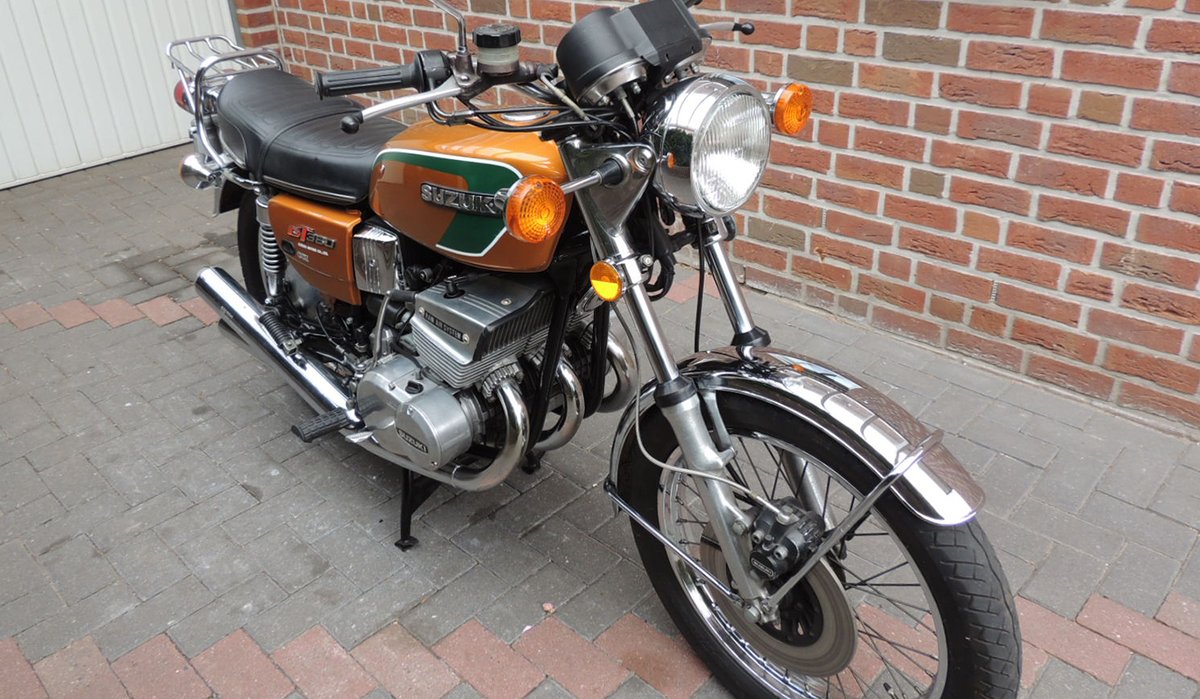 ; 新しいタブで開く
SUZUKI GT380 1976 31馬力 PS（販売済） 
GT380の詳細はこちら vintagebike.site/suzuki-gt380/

▸ **Work order**: Copy the material above in full and exactly, skipping pictures.

▸ **Result**:
 ; 新しいタブで開く
SUZUKI GT380 1976 31馬力 PS（販売済） 
GT380の詳細はこちら vintagebike.site/suzuki-gt380/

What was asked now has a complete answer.